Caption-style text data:
_ _ _ _ _ _ _

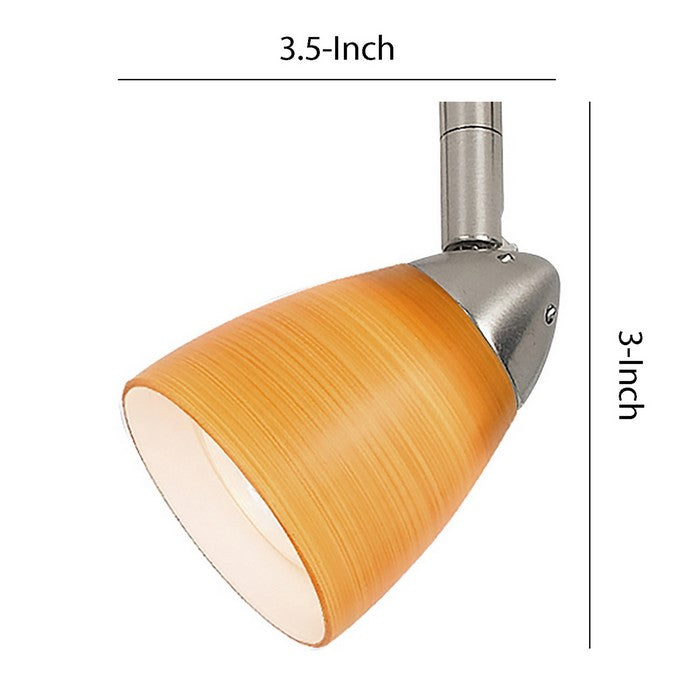 Hand Blown Glass Shade Track Light Fixture with Metal Frame, Orange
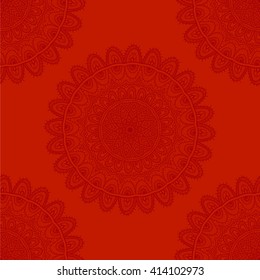 Vector nature seamless pattern with abstract ornament. Vector round mandala in childish style. Ornamental doodle background.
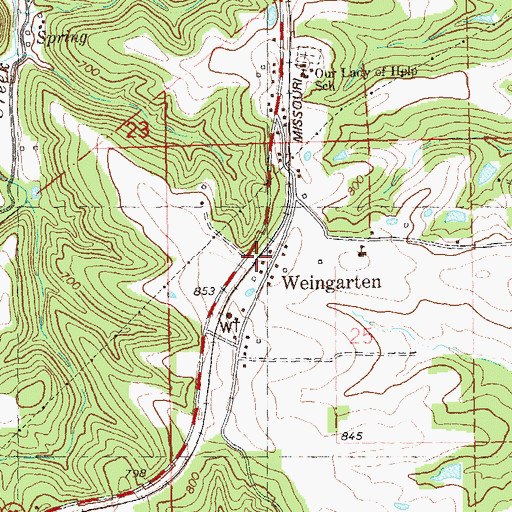 Topographic Map of Weingarten, MO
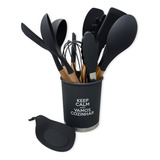 Conjunto 13 Pçs Utensílios De Cozinha Silicone Cabo Madeira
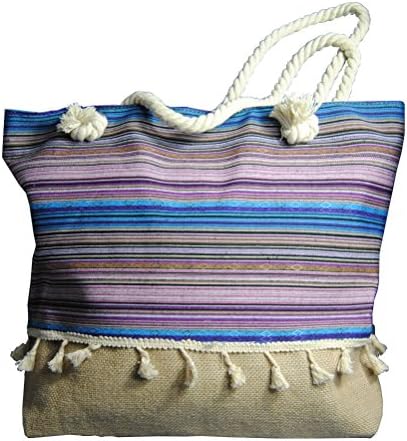Qianled national style Bag Fashion Beach Bag Waterproof Canvas Tote Straw Bag,Quality fabric + Exquisite decoration+ Pure hand-woven linen rope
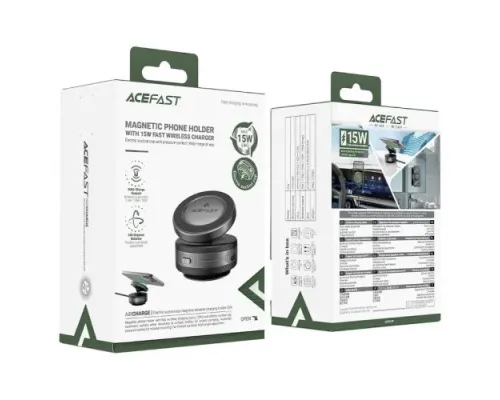 Бездротовий АЗП автовакумный ACEFAST E29 electric Suction cup MagSafe wireless charging Metal gray mag-6974316284840153323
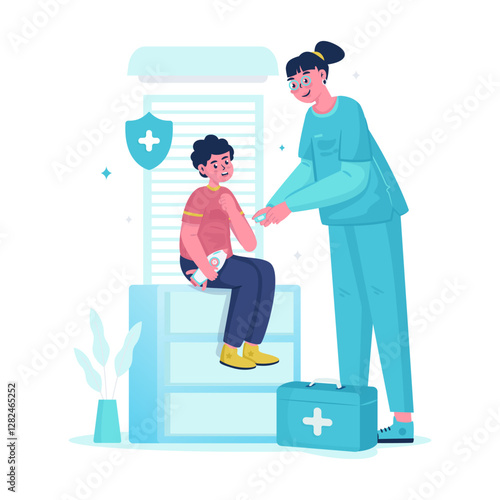 Illustration of a nurse giving plaster to a boy vector design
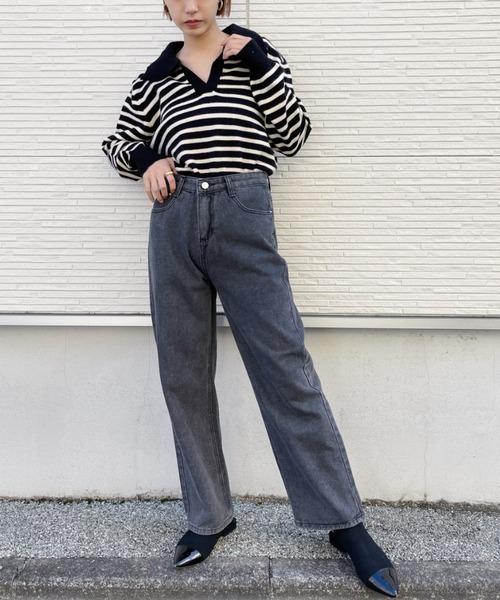 CLEA(クレア)の「ハイウエストストレートワイドデニム(デニムパンツ・レディース・ライトブルー/ブラック/ブルー・S/M)」の8枚目の写真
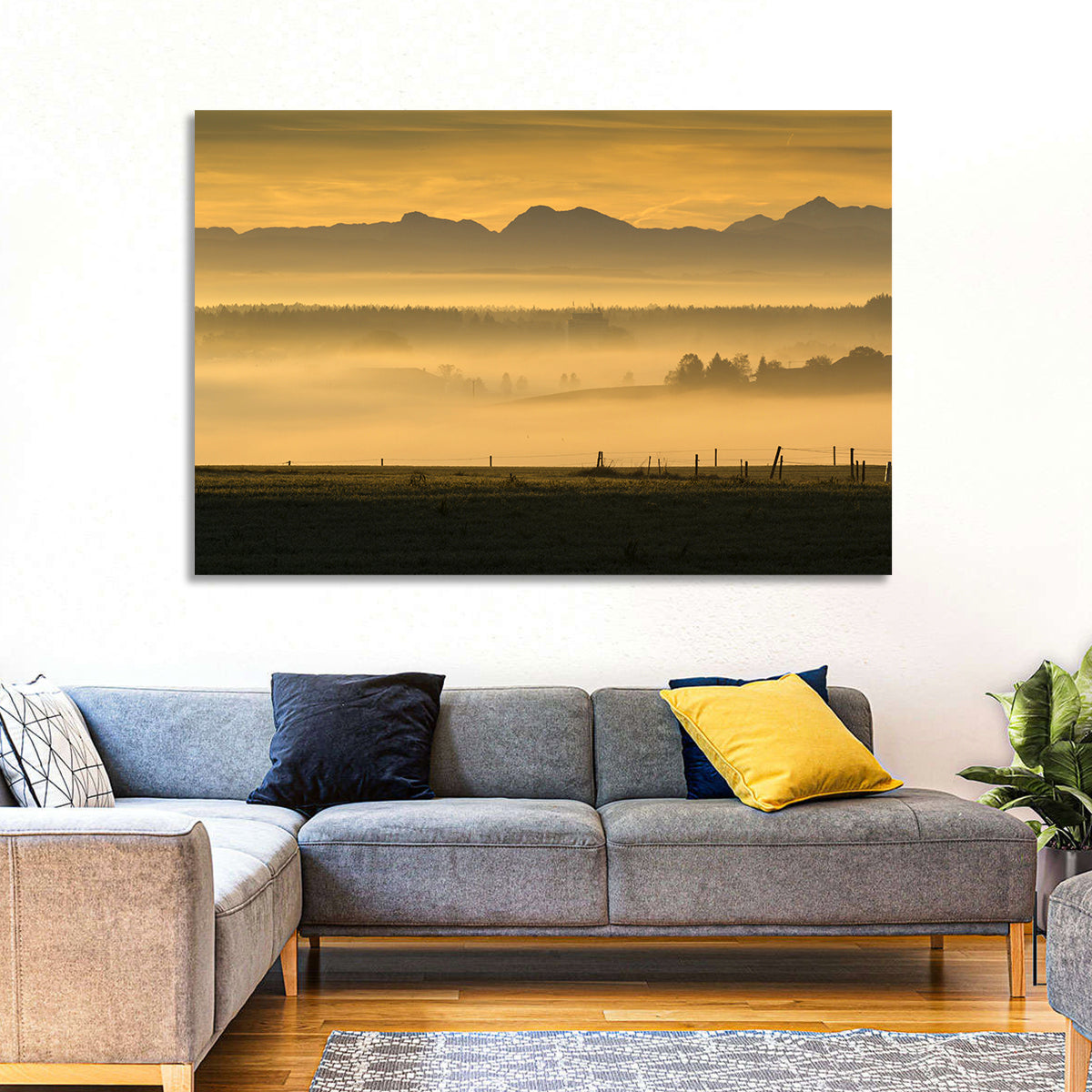 Bavarian Alps Morning Haze Wall Art in a room, landscape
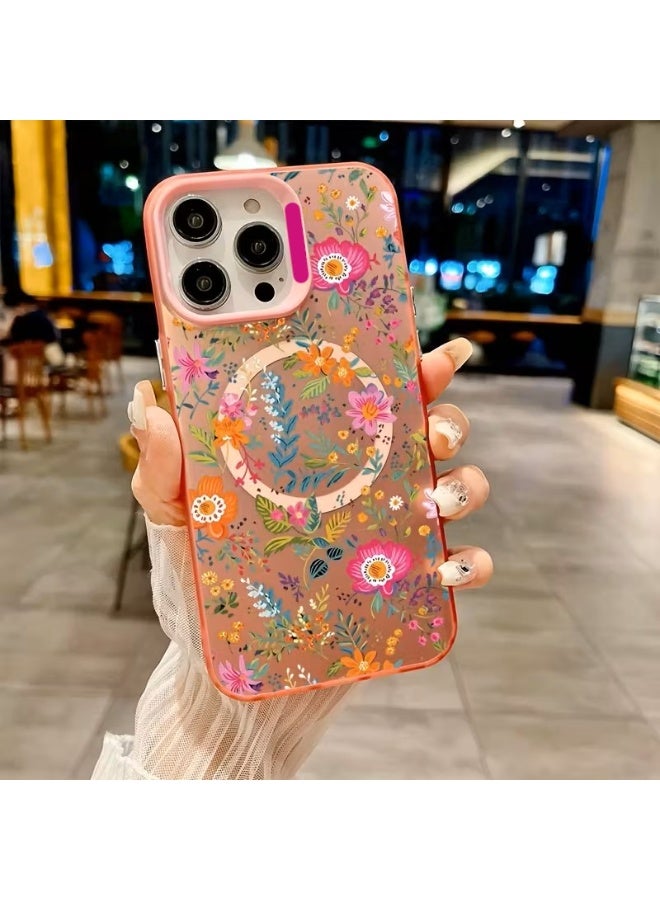 Temu Colorful Magnetic Phone Case with Floral Design - Stylish Phone Cover, Aesthetic Case, Floral Design, Lightweight Case, Shockproof Case, Compatible with iPhone 16 Pro - Image 2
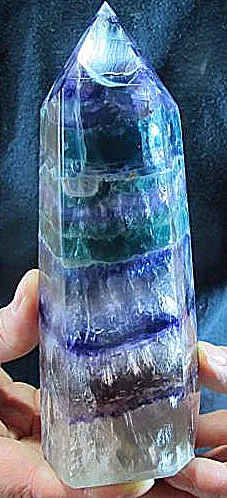 

800-1000g Natural fluorite Obelisk Quartz Crystal Pyramid Terminated Wand point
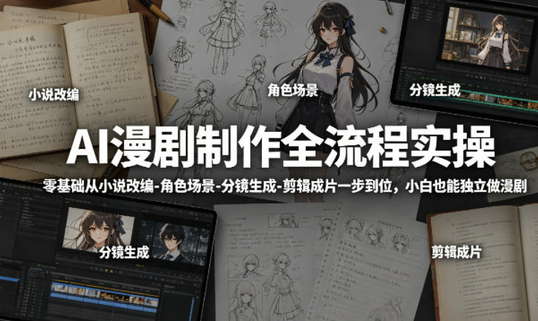 AI漫剧制作全流程实操，零基础从小说改编-角色场景-分镜生成-剪辑成片一步到位，小白也能独立做漫剧-蜗牛学社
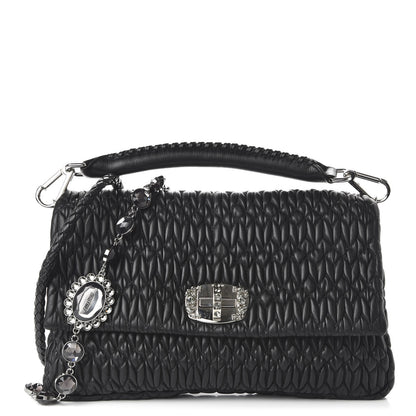 Miu Miu Nappa Matelasse Crystal Flap Clutch Black 1 of 10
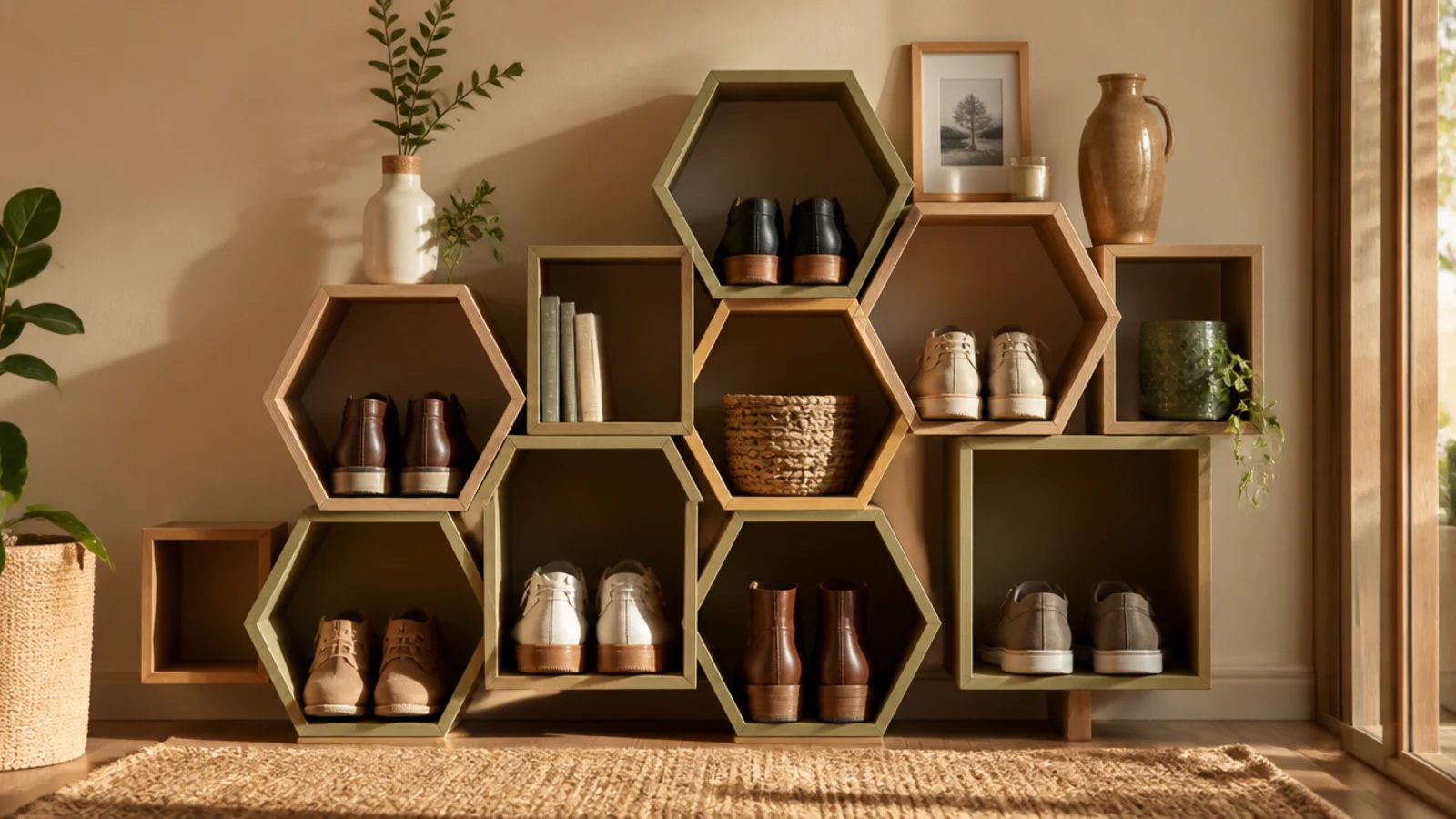 An asymmetric arrangement of hexagonal and square wall cubbies in wood, some holding shoes and some holding decor.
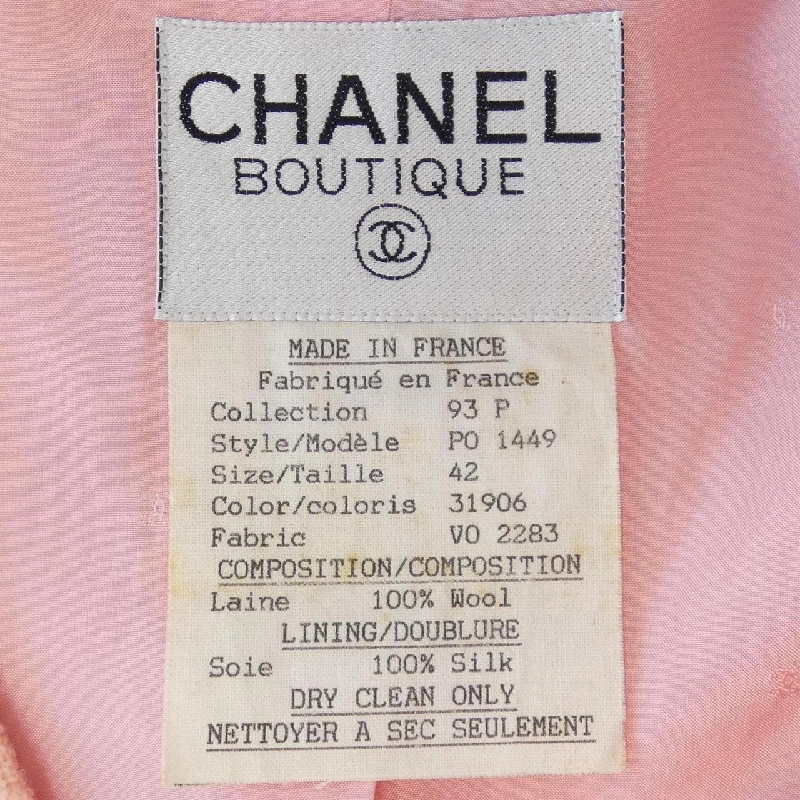 【Vintage】Chanel CHANEL P01449V02283 93P Áo khoác không cổ 630835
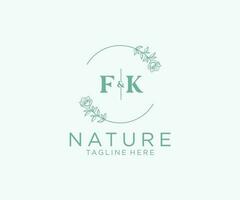 initial FK letters Botanical feminine logo template floral, editable premade monoline logo suitable, Luxury feminine wedding branding, corporate. vector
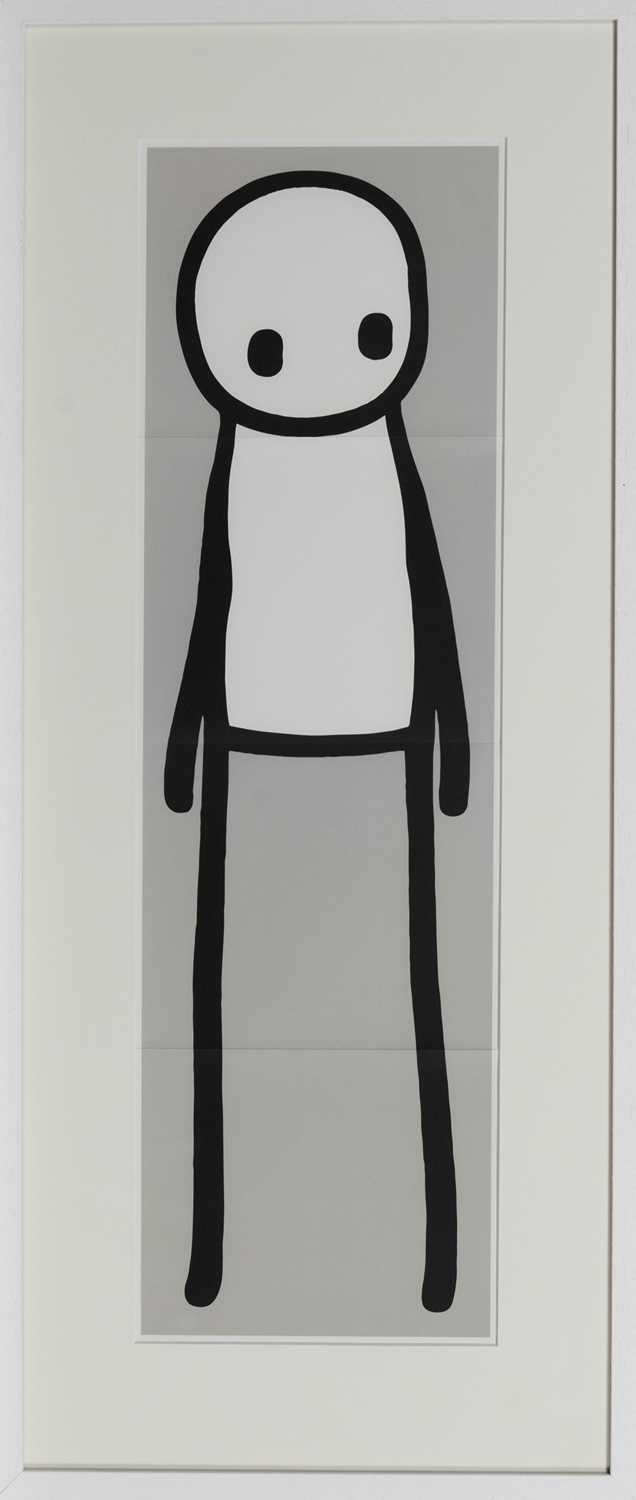 STANDING FIGURE (BOOK) (GREY), A LITHOGRAPH BY STIK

_ _ _ _ _ _ _

Task statement: Quote the data above exactly from the line with "Bavarian Alps Morning" to the line with "AI漫剧制作全流程实操，零基", both ends counted, and nothing else. Pictures don't go in.

Result of this task:
 Bavarian Alps Morning Haze Wall Art in a room, landscape
 Temu Colorful Magnetic Phone Case with Floral Design - Stylish Phone Cover, Aesthetic Case, Floral Design, Lightweight Case, Shockproof Case, Compatible with iPhone 16 Pro - Image 2

800-1000g Natural fluorite Obelisk Quartz Crystal Pyramid Terminated Wand point
 AI漫剧制作全流程实操，零基础从小说改编-角色场景-分镜生成-剪辑成片一步到位，小白也能独立做漫剧-蜗牛学社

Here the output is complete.